Problem requirements:
Two lines below mark the span: the one containing "Anatomy of tracheobronchial tree" and the one containing "Участок в Свердловская". Set down both, plus every line between, exactly as they stand, and nothing else.

(Dataset items)
· · · · ·
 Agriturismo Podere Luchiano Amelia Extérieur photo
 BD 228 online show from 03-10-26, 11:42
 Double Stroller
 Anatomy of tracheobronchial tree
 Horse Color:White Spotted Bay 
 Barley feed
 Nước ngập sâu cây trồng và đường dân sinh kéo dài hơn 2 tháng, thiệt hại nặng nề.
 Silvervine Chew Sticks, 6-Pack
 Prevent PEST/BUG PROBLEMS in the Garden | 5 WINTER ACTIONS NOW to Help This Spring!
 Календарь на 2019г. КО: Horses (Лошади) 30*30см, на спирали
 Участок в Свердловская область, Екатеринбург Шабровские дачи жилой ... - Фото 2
· · · · ·
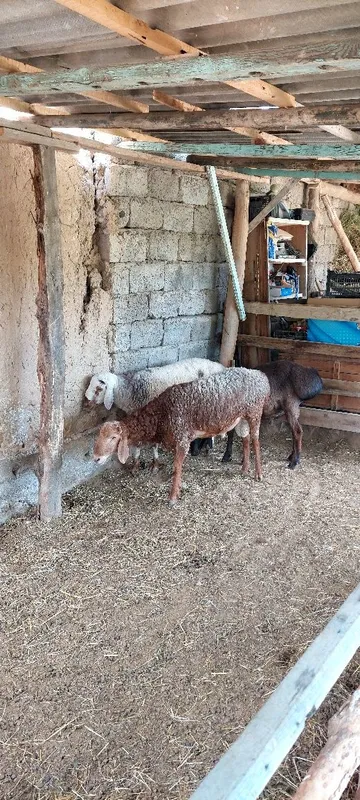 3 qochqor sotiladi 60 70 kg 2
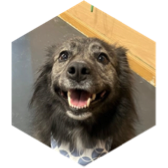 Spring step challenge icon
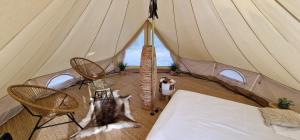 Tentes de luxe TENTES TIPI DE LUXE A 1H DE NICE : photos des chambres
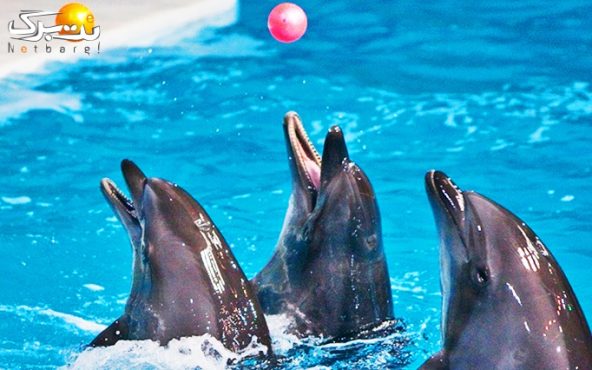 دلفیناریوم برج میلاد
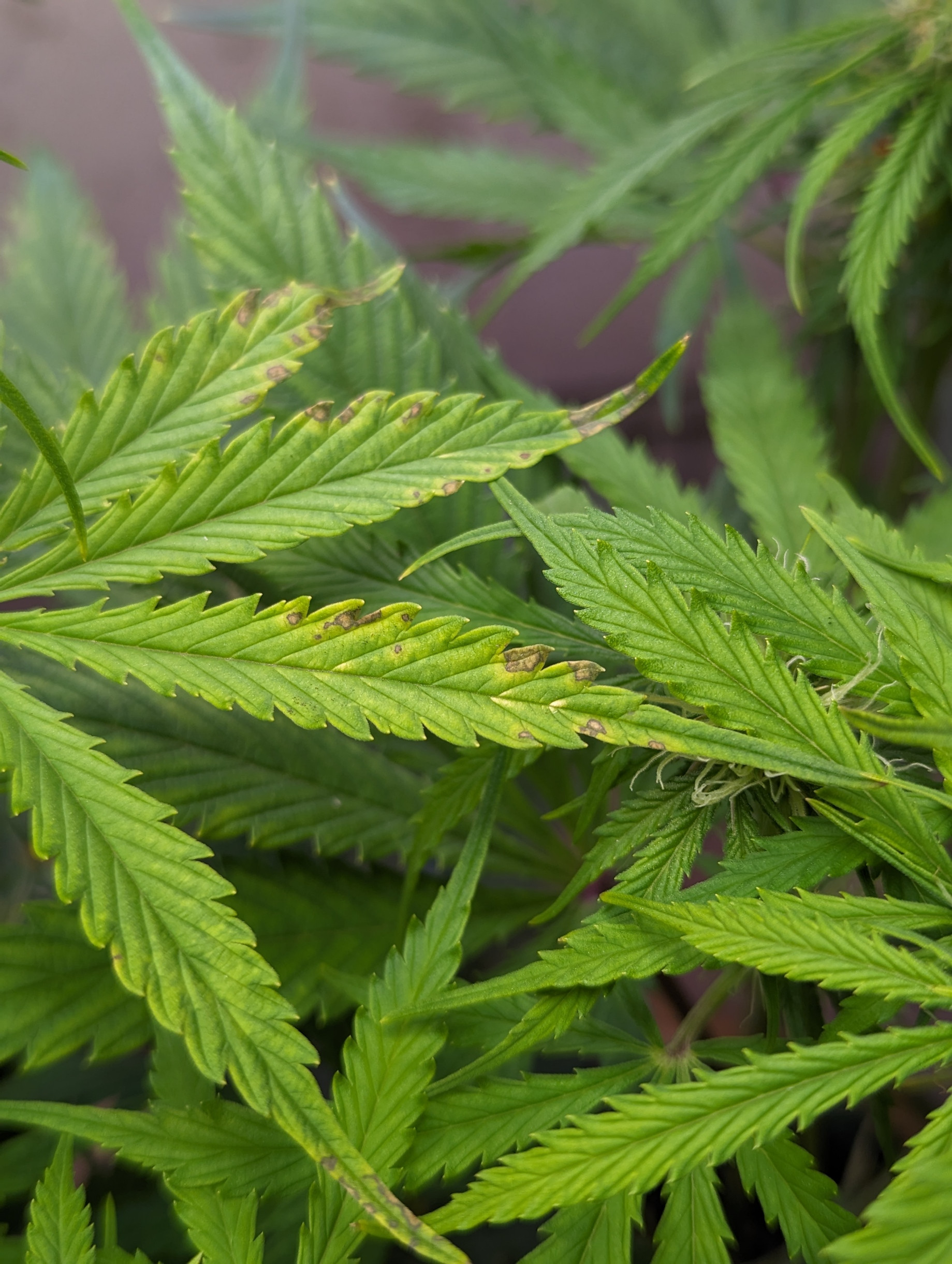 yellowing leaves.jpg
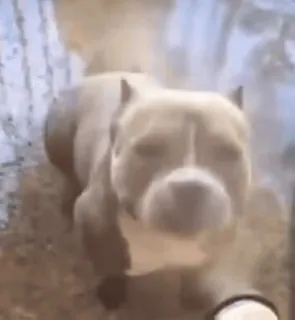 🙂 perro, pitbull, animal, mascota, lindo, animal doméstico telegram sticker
· · · · ·
Response to the task:
 Anatomy of tracheobronchial tree
 Horse Color:White Spotted Bay 
 Barley feed
 Nước ngập sâu cây trồng và đường dân sinh kéo dài hơn 2 tháng, thiệt hại nặng nề.
 Silvervine Chew Sticks, 6-Pack
 Prevent PEST/BUG PROBLEMS in the Garden | 5 WINTER ACTIONS NOW to Help This Spring!
 Календарь на 2019г. КО: Horses (Лошади) 30*30см, на спирали
 Участок в Свердловская область, Екатеринбург Шабровские дачи жилой ... - Фото 2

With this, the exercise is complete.